Whenever Michael Mwangi told his fellow streetboys that one day he would fly an aeroplane, they would scoff at him and tell him those were hallucinations triggered by sniffing too much glue.
However, Mike as he prefers to be called, went on to achieve his dream. His story, from a glue-sniffing streetboy to a pilot, from the rough streets to the cockpit, is the stuff movies are made of.
Once a week, Mike and his fellow streetboys would walk to Nairobi’s Dandora dumpsite. The trip fuelled Mike’s fantasy of piloting a plane.
“There were days when the garbage truck would bring leftovers from the airport. The food tasted so good, especially if you got bread and butter. I kept imagining the kind of food passengers are served in aeroplanes,” he says.
Mike’s story began some 23 or 24 years ago. He is not sure of his age because his mother never kept a record of the date or year when he was born. For his birthday, he randomly picked January 7.
Mike’s father died when he was young. The old man’s kinsmen raided their home in Nairobi’s Kiambio slums and carted away everything.
Left with nothing, Mike’s mother started living in the streets with her three children- Mike, his brother and sister. The streets were rough.
“Life in the streets is tough. To dull the pain we were constantly high on glue and marijuana,” he says.
Mike had an added responsibility. Every day he had to look for some money to pay watchmen so that his mother and sister could sleep safely.
“Rape is one thing street women and girls go through a lot and I had to ensure that my mum and sister were safe,” he says.
His life started looking up when a Good Samaritan, Fred Mwaura, rescued him from the streets to Joy Divine Children’s Home in Nairobi’s Huruma estate.
There was one hurdle though- Mike’s mother was not happy with his decision to move out of the streets. He was her lifeline, and she was not about to let go.
“Apart from paying her protection fees to the night watchmen, I would also share with her the little money I made from scavenging and selling scrap metal,” he recounts.
But he remained at the children’s home. Then one day, Suzy Ngige, a businesswoman married to a pilot, Captain Simon Ngige, came calling.
Suzy and some members of her church had gone for an outreach at the children’s home when she first met Mike. An instant bond formed between the boy and the woman he today calls mother.
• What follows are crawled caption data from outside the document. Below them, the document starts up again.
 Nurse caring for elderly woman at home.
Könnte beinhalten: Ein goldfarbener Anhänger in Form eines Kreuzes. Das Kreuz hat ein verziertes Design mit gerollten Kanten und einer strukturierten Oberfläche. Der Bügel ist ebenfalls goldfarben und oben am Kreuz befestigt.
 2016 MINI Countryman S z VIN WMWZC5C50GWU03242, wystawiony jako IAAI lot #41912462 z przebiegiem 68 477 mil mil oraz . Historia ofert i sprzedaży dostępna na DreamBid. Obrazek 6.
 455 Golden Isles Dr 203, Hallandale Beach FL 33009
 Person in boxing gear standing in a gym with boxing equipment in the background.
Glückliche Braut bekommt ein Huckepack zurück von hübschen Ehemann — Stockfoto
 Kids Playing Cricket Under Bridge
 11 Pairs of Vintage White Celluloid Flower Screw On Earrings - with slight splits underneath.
The two got talking, and Mike told Suzy about his dream of going back to school and becoming a pilot some day. She was touched and arranged a meeting with the children’s home proprietor. They both agreed that Mike’s dream was valid.
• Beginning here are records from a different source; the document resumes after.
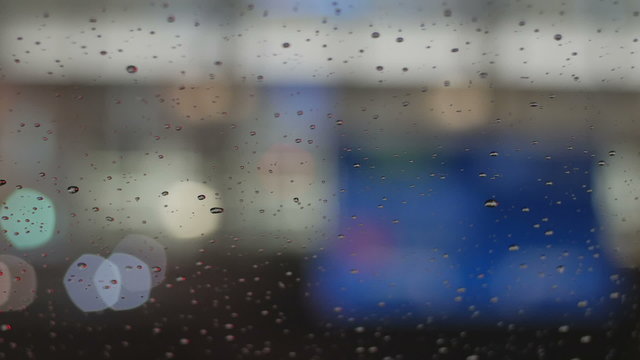 Raindrops on the window and defocused signs and street illumination at the airport.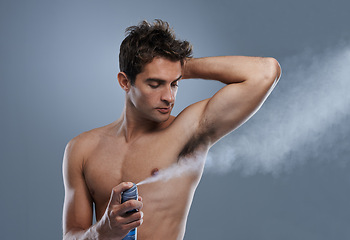 Image showing Man, deodorant and spray for healthy odor in studio or product application for clean smell, hygiene or grey background. Male person, topless and confidence or armpit wellness, care or mockup space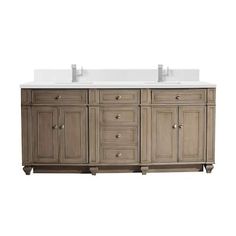 a double sink vanity with two white sinks on each side and no faucet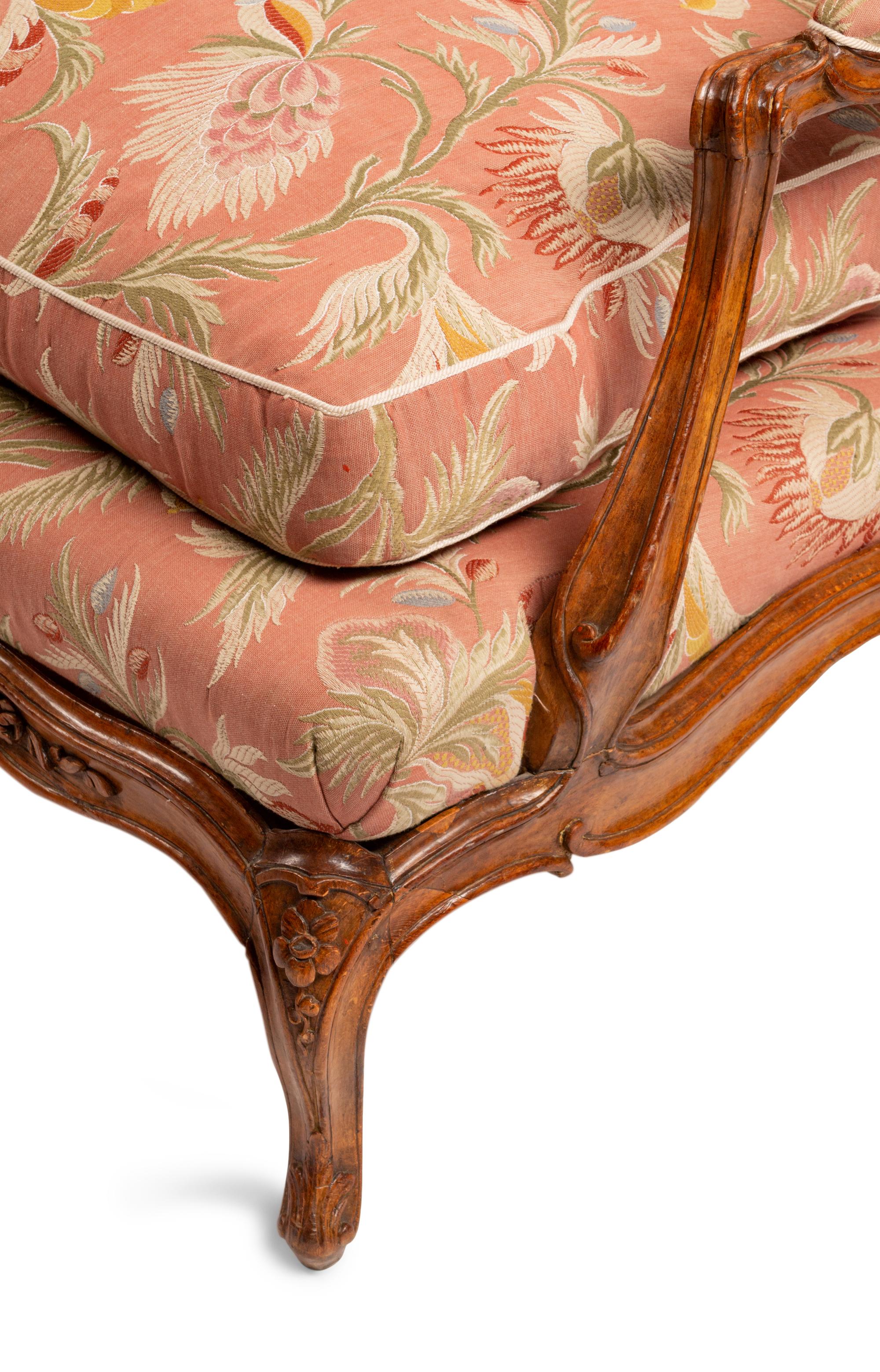 A Louis XV Provincial Carved Walnut Canapé — 19TH CENTURY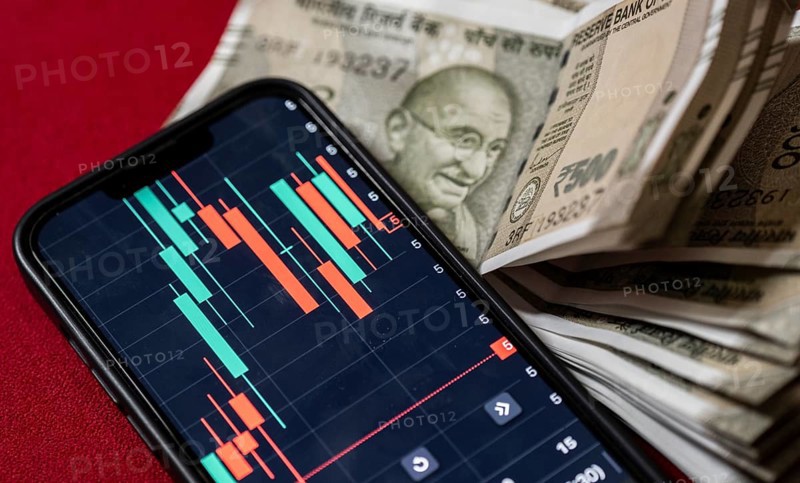 Stock market graph or chart display on a mobile phone against Indian 500 rupee paper currency note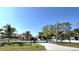 Charming home with a secure gated entrance and palm trees lining the driveway at 5714 38Th E Ave, Bradenton, FL 34208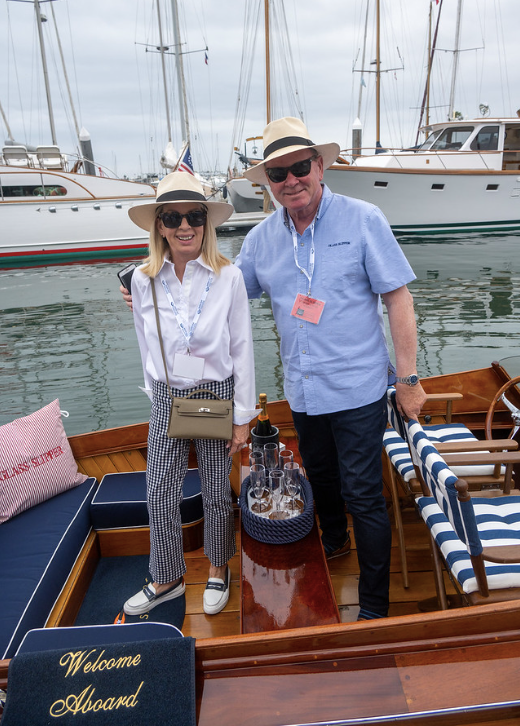 Two people posing on a boat deck by a marina, with sailboats in the background.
Suzy then arranged to have Mike enrolled at Moi Forces Academy in Standard Four. But it was not going to be a smooth ride.
“At this point in my life I was struggling with withdrawal effects having been a glue addict for some time. Most of the time I slept in class,” he says.
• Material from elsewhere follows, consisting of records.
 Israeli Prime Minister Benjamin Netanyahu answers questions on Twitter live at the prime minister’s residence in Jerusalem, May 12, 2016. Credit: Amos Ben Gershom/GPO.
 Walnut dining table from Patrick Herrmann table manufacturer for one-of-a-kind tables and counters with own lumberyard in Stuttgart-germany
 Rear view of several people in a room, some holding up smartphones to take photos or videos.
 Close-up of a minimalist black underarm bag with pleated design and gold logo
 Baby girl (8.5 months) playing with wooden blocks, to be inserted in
Having led a carefree, rowdy life on the streets, Mike also found it a huge challenge fitting into a structured life.
In his first term in school, Mike managed position 54 out of 55.
However, he firmly kept his eye on the ball. By the time he was leaving Moi Forces Academy, in 2011 he was top of his class.
He then joined Dr Ribeiro Parklands High School in Nairobi where teachers noticed his leadership qualities and helped nurture them.
“I became the Christian Union chairman and was the head boy at Form Three. This means I was leading even those ahead of me,” he says with pride.
Mike, however, did not perform as well as he had wanted in his Kenya Certificate of Secondary Education (KCSE) exam in 2015, something that demoralised him. However, his guardian angel, Suzy, was there for him.
“One day she asked me whether I was still interested in my dream of being a pilot. When I said yes, she and her husband agreed to take me to an aviation college,” he recounts.
His dream was unfolding fast.
By 2017, he was sitting at the cockpit next to his mentor, Captain Ngige, flying on the Nairobi-Mandera route on Ngige’s Rudufu Airlines.
The feeling was exhilarating and overwhelming.
“It’s a feeling you can’t describe. Looking around at all the gadgets in the cockpit I was simply overwhelmed. I felt like crying. As I sat there the story of my life played before me. I saw my time in the streets longingly watching at planes in the sky. I remembered the mocking and taunts of my fellow streetboys when I told them of my dream to be a pilot,” he says.
Years later, Mike is at home in the cockpit.
Still, he has not forgotten where he came from. Every weekend, he heads out to the streets at Nairobi’s Mlango Kubwa to feed streets families.